Software Development and Operation Policies

Introduction

The Cabinet Office (CO) Development and Operations Strategy promotes development and operation best practice for digital services or platforms within the Cabinet Office.

We cover the following elements in the development and operations chain:

Coding: code development and review, source code management tools, code merging.
Building: continuous integration tools, build status.
Testing: continuous testing tools that provide quick and timely feedback on business risks.
Packaging: artefact repository, application pre-deployment staging.
Releasing: change management, release approvals, release automation.
Configuring: infrastructure configuration and management, infrastructure as code tools.
Monitoring: applications performance monitoring, end-user experience.
Security measures: security measures and Tools incorporated in the Devops cycle

You should use the CO Development and Operations Strategies if you intend to build and operate a digital service or platform, in-house or outsourced. Following the CO Development and Operations Strategies will help you introduce or update technology so that it:

aligns with CO technical strategies
is sustainable
is less dependent on single third-party suppliers
is resilient and scalable for future use

Reference Frameworks

The CO Development and Operations Strategies is in alignment with these frameworks:

We also recommend the toolings in this Strategy, which are in alignment with the toolings used in the CO. This is to ensure a capability match when the services change ownership.

Standards

1. Incorporate security measures

We should embrace secured by design policy. You should automate the process of security updates and alerts to the delivery of the security patches as appropriate. You should by default.

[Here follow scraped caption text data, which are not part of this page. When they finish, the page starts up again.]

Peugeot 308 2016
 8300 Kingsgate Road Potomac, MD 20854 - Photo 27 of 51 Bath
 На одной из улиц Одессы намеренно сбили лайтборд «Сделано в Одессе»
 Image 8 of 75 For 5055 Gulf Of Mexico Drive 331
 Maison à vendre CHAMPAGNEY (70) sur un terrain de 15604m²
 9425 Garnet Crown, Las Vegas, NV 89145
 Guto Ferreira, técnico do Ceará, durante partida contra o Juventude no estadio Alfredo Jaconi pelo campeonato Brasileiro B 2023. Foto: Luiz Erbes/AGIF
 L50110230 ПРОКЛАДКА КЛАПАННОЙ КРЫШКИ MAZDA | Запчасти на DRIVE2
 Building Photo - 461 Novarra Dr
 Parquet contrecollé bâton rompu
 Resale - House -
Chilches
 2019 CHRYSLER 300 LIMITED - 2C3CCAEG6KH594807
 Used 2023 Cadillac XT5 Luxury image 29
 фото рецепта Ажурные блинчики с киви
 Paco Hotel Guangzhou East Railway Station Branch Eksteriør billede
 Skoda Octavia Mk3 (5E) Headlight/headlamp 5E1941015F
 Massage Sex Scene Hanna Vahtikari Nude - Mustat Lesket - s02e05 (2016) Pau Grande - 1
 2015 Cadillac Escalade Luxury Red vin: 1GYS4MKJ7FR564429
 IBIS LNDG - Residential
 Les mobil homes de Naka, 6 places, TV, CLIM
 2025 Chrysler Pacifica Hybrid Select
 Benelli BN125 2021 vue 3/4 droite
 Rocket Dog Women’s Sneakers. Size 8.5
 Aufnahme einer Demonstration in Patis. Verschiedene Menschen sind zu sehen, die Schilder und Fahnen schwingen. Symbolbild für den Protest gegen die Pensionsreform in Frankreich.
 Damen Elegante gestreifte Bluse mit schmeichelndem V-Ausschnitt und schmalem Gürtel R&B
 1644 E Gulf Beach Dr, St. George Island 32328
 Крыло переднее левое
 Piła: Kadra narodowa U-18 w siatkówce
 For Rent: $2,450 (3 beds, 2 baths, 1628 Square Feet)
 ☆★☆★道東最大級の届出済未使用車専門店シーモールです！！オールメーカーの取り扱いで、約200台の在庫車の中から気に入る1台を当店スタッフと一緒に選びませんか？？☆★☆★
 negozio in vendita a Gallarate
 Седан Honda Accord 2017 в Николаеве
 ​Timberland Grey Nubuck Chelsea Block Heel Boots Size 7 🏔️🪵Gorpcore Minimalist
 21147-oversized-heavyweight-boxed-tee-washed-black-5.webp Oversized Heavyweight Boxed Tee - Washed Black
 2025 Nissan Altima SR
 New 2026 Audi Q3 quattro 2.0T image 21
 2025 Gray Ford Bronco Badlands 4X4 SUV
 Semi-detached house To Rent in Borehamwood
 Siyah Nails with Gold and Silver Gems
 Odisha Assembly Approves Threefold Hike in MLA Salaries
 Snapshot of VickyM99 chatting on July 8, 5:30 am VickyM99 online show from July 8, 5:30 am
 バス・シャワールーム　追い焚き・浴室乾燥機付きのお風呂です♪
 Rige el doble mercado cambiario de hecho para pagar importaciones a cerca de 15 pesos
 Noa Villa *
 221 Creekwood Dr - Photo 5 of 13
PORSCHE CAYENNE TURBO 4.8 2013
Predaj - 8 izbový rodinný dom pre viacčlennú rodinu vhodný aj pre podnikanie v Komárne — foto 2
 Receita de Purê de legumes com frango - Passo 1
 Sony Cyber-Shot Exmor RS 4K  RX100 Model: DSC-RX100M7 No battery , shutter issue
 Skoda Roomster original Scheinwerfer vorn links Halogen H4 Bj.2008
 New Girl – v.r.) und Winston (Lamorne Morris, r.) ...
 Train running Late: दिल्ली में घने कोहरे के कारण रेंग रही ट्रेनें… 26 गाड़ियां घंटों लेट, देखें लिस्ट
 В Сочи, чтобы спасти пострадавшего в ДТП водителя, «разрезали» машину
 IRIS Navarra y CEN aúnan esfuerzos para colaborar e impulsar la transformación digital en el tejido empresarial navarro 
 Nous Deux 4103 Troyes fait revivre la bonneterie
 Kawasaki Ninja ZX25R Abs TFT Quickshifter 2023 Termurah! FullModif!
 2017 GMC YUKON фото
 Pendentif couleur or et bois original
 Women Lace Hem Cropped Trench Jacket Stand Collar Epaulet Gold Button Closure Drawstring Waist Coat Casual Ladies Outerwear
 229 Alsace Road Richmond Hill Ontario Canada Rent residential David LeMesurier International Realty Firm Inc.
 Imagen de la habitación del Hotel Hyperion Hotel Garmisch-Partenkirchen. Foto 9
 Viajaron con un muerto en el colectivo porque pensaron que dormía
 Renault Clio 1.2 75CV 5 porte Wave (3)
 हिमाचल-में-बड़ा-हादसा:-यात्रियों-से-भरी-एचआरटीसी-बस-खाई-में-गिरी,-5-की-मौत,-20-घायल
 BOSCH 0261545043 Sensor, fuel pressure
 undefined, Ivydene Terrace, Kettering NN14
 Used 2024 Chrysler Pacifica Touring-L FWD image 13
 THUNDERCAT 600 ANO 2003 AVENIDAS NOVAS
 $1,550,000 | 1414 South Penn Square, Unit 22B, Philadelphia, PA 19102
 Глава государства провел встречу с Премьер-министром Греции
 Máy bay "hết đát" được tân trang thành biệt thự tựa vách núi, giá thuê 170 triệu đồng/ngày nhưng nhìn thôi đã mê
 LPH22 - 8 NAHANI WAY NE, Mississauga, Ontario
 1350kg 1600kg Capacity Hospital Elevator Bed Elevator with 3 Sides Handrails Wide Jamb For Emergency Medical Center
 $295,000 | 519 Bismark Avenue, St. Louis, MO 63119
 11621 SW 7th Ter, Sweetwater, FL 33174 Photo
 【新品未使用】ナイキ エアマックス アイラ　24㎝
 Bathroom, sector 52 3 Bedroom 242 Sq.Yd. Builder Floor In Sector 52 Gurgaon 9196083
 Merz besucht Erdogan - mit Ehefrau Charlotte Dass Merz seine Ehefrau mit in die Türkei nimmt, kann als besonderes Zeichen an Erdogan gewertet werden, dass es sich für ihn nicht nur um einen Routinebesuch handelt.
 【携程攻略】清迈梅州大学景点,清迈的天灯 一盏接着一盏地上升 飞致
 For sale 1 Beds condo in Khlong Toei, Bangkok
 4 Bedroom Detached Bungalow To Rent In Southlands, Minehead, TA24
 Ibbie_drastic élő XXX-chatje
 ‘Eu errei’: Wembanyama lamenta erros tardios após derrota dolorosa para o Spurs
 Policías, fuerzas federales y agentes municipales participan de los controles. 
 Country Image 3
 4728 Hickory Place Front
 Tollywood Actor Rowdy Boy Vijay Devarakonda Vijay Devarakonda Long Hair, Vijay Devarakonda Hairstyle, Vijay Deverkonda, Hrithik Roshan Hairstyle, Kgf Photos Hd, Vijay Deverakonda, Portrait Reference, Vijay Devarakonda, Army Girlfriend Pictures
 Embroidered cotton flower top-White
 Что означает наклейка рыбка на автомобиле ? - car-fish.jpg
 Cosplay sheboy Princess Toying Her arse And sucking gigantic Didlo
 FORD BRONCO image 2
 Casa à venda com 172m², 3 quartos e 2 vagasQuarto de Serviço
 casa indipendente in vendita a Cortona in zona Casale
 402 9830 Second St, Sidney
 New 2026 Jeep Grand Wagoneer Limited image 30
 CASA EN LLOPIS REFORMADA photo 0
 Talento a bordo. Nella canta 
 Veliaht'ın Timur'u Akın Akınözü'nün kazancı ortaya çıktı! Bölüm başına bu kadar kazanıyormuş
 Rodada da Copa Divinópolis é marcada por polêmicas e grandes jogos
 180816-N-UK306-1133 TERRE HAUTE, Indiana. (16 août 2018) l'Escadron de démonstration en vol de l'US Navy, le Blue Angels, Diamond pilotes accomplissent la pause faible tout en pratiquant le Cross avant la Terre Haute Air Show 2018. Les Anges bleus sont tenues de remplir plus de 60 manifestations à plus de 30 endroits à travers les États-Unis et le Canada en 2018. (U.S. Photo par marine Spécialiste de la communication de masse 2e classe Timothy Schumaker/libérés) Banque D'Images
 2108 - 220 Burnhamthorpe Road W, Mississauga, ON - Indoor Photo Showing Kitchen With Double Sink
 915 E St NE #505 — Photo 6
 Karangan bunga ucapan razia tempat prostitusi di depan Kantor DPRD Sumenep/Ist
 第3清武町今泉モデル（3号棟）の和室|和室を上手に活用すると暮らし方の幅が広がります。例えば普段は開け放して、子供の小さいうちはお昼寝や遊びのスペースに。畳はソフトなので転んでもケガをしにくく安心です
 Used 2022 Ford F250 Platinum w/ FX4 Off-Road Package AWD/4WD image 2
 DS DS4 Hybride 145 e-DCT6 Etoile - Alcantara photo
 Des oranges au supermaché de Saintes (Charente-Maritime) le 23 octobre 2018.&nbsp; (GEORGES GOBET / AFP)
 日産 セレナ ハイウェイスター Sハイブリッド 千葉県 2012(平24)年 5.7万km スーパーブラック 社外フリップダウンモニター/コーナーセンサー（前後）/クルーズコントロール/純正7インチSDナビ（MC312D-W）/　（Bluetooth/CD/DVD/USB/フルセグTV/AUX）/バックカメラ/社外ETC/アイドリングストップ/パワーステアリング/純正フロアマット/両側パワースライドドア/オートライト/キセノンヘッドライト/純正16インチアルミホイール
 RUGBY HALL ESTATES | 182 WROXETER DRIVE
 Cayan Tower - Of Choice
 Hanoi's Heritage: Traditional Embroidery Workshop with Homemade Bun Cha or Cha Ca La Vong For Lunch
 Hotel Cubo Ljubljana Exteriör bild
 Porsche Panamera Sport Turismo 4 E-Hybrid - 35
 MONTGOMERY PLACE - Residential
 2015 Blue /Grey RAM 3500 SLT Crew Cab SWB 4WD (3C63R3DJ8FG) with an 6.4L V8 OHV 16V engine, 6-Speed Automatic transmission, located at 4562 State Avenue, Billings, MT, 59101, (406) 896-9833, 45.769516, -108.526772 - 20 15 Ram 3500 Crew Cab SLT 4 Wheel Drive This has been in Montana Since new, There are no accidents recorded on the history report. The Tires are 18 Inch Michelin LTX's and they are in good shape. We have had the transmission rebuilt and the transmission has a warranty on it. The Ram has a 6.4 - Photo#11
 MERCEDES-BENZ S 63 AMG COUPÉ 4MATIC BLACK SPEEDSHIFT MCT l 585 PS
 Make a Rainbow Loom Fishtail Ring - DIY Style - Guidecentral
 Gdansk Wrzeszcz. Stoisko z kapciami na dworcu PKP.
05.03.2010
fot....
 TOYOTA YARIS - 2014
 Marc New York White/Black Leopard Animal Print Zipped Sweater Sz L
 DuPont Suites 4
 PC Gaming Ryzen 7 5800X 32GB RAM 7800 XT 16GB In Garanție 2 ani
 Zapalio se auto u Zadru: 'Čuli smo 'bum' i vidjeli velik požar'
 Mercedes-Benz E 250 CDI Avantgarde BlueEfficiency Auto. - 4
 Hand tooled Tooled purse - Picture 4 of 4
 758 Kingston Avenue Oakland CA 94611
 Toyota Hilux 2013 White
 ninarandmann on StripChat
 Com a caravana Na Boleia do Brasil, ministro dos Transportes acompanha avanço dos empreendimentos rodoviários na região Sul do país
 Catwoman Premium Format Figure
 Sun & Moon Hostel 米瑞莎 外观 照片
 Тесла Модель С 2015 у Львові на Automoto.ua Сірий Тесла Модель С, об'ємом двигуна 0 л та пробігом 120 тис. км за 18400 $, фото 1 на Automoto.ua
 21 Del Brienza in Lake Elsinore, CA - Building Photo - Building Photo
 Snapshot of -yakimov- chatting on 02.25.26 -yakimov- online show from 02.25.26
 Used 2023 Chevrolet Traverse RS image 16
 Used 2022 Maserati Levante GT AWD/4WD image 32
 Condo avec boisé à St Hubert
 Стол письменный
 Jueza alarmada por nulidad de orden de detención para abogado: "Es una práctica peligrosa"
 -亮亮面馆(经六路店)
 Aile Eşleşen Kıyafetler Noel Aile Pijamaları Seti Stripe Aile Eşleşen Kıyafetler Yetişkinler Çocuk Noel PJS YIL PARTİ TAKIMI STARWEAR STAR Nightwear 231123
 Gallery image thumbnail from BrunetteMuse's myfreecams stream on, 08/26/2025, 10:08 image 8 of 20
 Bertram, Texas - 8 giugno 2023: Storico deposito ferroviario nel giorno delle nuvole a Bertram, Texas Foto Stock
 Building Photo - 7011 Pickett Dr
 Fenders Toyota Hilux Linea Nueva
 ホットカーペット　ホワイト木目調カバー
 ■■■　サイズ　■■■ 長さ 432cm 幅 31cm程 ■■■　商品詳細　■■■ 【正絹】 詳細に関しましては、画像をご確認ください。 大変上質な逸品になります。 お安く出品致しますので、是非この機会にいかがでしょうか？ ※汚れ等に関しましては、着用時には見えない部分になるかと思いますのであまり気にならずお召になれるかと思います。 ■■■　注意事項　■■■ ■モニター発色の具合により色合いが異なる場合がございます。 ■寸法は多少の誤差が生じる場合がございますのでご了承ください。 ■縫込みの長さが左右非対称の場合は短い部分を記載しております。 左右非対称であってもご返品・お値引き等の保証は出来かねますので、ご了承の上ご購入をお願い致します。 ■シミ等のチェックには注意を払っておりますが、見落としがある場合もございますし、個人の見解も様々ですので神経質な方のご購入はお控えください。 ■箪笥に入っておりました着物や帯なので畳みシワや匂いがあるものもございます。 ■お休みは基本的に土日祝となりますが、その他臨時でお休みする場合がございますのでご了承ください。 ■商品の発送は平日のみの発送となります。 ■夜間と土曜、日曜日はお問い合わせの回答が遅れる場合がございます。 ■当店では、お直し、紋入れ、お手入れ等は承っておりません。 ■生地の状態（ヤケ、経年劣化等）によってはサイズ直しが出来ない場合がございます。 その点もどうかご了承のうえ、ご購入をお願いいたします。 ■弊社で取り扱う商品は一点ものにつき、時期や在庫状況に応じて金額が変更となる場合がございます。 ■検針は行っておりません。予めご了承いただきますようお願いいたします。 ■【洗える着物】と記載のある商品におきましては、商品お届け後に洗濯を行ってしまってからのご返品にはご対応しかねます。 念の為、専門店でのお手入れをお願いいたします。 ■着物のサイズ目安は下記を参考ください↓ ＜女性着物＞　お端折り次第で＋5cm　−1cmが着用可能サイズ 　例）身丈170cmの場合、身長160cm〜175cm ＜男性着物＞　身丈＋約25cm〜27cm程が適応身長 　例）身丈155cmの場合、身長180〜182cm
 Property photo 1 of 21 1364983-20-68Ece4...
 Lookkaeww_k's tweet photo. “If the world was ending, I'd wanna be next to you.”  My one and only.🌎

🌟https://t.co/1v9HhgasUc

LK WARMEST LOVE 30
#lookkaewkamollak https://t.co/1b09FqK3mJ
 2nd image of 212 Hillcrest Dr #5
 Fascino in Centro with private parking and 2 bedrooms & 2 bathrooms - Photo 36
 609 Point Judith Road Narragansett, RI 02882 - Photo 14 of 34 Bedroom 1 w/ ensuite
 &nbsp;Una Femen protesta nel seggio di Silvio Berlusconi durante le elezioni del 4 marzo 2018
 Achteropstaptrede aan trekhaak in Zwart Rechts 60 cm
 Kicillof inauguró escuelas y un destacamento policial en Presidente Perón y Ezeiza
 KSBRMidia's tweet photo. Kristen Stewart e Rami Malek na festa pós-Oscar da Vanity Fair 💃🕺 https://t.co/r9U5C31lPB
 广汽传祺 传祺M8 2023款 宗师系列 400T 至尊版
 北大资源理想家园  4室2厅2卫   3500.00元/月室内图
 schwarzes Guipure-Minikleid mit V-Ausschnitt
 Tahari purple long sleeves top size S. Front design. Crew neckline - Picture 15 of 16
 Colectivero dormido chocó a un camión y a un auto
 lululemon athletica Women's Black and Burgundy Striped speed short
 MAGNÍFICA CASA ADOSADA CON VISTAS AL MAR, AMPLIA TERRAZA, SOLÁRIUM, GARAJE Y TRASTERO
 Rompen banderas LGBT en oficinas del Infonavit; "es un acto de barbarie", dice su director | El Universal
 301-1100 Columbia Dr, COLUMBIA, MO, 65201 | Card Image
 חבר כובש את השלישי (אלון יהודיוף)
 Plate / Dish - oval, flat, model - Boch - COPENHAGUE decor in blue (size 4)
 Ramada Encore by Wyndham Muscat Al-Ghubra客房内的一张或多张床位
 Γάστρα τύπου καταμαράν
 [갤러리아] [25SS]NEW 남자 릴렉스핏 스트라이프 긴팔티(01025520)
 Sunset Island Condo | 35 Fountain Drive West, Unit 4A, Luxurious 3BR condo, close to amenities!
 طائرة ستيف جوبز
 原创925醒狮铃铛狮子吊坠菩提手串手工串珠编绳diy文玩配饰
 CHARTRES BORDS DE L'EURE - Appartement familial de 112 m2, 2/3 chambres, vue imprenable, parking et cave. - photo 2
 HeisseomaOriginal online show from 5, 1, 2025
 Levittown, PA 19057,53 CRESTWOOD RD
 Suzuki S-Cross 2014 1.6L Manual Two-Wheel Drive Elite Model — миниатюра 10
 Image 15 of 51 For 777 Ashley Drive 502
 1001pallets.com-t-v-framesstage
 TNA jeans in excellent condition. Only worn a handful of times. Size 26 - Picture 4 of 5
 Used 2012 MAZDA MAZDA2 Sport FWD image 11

You should have security measures and monitoring for the application and infrastructure, including,

use a Web Application Firewall
Automate the monitoring of third party software dependencies
use vulnerability scanning
Automate access control tracking and corresponding alerting
set up access and security related configuration change monitoring when appropriate
apply principle of least privilege
perform threat modelling to anticipate security issues
take extra precautions in storing credentials
manage third party software dependencies

The security design and monitoring should be included in your architecture design, to be approved by the Technical Design Authority.

Please contact CO Cyber Security cyber.security@digital.cabinet-office.gov.uk regarding the central toolings, Cabinet Office policy and provision of security services.

2. Use test-driven development and automate tests

You should use test-driven development for all application and infrastructure code. You should write the corresponding test scripts when a new feature is introduced.

You should use automated tests to compare the actual outcomes with the predicted outcomes of your service. You should include

unit tests to test individual functionality. You should ensure there is enough test coverage throughout the codebase using a code coverage tool.
integration tests to test the integration between microservices, and between your codes and external components
functional tests to test a particular function of your service end-to-end
performance and stress tests to test the limit and behaviour of your service under normal and stressed conditions
Smoke tests

You should integrate the tests in your integration and deployment pipelines, and use appropriate environments to run the tests.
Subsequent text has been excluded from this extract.